The jury reasonably could have found the following relevant facts. In June, 2000, Willie Blake lived in a six-family apartment house at 103 Catherine Street in Bridgeport with his sister, Rosalee Blake,3 his brother, John Blake, Sr., his nephew, John Blake, Jr., and his nieces, Teshawn and Tangie.4

At approximately 9 p.m. on June 30, 2000, the defendant and Hakeem Mohammed rang Willie Blake's apartment doorbell. Willie Blake, who was home watching over his nephew and nieces, answered the door. The defendant and Mohammed questioned Willie Blake regarding the whereabouts of John Blake, Sr. Willie Blake informed them that his brother was not home. The defendant accused Willie Blake of lying and pushed his way into the apartment by wedging a wooden stick5 between the door and the door frame. Once inside, the defendant began swinging the stick, acting aggressively and using profanity. That behavior upset the children. The defendant remained in the house for approximately thirty minutes while searching for John Blake, Sr. As the defendant was leaving, the defendant remarked that he should have hit Willie Blake with the stick. The defendant also remarked that he and Mohammed would return and that if Willie Blake called the police, they would "shoot up the house."
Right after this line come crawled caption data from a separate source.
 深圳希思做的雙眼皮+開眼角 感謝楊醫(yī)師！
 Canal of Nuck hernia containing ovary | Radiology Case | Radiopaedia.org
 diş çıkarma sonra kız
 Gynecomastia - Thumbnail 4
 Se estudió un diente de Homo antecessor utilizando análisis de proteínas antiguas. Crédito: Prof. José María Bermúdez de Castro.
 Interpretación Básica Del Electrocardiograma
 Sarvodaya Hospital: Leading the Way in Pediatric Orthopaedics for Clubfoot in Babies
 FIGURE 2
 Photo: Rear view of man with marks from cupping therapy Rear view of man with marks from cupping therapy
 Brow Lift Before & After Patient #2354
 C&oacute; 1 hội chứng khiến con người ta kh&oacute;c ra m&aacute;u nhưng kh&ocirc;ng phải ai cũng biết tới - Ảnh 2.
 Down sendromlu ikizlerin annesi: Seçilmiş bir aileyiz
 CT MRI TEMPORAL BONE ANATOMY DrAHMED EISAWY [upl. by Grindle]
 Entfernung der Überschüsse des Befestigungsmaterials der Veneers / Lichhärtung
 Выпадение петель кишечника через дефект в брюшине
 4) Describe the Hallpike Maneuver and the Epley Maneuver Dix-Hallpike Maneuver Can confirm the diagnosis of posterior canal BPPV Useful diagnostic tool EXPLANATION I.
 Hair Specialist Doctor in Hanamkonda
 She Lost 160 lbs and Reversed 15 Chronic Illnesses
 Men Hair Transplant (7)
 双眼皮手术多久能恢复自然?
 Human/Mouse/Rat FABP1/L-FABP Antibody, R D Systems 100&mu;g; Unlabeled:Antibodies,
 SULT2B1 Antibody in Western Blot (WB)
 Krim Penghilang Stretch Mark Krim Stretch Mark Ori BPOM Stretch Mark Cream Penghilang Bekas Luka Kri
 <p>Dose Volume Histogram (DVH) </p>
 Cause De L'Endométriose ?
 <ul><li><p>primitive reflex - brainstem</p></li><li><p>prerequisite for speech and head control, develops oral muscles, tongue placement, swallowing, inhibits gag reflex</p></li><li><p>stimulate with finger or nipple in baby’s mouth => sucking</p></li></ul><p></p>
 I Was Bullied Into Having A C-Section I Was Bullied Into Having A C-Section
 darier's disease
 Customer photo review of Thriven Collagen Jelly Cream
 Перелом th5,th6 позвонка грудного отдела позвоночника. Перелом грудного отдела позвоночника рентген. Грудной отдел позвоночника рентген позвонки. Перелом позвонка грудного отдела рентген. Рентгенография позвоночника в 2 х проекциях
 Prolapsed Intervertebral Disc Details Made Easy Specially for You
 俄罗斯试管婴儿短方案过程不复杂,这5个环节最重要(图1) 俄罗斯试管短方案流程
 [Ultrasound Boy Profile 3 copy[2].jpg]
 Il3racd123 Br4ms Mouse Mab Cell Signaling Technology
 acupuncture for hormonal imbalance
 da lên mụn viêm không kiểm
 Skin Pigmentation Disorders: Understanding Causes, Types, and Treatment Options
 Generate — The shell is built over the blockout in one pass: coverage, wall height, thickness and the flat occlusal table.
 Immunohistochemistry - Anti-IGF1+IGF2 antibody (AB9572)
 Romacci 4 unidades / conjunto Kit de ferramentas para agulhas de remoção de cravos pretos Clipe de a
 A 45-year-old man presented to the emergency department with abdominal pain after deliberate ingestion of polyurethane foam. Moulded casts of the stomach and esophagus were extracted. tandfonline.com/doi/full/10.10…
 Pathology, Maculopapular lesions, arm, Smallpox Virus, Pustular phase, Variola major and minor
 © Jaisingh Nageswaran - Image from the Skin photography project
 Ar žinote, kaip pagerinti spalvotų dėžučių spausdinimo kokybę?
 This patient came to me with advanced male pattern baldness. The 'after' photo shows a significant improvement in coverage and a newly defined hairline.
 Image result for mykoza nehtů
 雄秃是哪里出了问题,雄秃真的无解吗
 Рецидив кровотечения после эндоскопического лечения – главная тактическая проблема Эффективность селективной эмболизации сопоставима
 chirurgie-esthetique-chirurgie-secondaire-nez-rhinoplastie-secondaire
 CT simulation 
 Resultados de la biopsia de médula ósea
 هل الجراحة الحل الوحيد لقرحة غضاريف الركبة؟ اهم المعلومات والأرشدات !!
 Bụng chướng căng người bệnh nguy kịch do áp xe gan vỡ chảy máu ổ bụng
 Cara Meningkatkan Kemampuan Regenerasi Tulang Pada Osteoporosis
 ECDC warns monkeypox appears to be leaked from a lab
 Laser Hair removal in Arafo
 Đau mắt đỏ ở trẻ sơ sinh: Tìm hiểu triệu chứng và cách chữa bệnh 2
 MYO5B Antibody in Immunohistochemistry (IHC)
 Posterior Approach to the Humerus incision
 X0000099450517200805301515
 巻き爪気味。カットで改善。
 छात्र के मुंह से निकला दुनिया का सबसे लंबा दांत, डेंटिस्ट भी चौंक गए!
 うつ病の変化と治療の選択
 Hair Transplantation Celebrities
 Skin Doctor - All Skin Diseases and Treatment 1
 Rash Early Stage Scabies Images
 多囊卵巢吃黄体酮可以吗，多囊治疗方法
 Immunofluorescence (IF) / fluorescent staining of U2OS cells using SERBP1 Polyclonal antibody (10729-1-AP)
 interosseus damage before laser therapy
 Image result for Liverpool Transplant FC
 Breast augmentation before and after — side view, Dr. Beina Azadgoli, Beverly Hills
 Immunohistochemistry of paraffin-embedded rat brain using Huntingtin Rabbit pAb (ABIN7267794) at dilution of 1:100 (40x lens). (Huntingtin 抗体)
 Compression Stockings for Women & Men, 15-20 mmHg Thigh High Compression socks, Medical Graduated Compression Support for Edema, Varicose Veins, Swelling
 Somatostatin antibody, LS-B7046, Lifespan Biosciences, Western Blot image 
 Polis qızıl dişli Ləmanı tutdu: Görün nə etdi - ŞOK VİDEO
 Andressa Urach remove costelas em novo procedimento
At 10:30 p.m. on June 30, 2000, the defendant returned to the apartment door by himself. The defendant did not have the stick and remained on the front porch. Willie Blake telephoned the police. By the time the police arrived, however, the defendant already had driven away in a car with Mohammed.

At 12:45 a.m. on July 1, 2000, the defendant returned to Willie Blake's apartment. This time, Rosalee Blake, who had recently returned home from work, answered the door. The defendant was carrying a wooden stick and asked if John Blake, Sr., was home. Rosalee Blake informed him that her brother was not home. The defendant forced his way into the apartment and began using profane language while making threats regarding John Blake, Sr. Willie Blake and Rosalee Blake had to physically force the defendant out of their home. The police were called. Upon arrival, the police arrested the defendant, who was standing outside of the apartment.

In a long form information, the state charged the defendant with one count of burglary in the first degree in violation of General Statutes § 53a-101 (a)(1), three counts of risk of injury to a child in violation of General Statutes § 53-21 and one count of threatening in violation of General Statutes (Rev. to (1999) § 53a-62 (a)(1).

In September, 2001, the state filed a substitute information adding one count of conspiracy to commit burglary in the first degree in violation of General Statutes §§ 53a-48 (1) and 53a-101 (a)(1). Finally, on October 23, 2001, the state amended the information to specify that the place burglarized was "the home of Willie or Rosalee Blake."

A jury trial began on December 10, 2001. After the state rested, the defendant sought to dismiss all of the charges and obtain a judgment of acquittal as to all six counts. The court granted the motion with respect to the conspiracy to commit burglary count (count two) and the counts of risk of injury to a child (counts three, four and five). Thereafter, the state filed a substitute information charging the defendant with the remaining counts, one count of burglary in the first degree and one count of threatening.

During counsels' closing arguments to the jury, the court determined that the state had failed to allege sufficient evidence to support a charge of burglary in the first degree and, sua sponte, ordered the state to draw and file a substitute information replacing burglary in the first degree with burglary in the second degree. The defendant did not object or otherwise challenge the court's authority to order the substitution. The state filed the substitute information as ordered. The jury subsequently returned a guilty verdict with respect to the charge of burglary in the second degree and acquitted the defendant with respect to the threatening charge.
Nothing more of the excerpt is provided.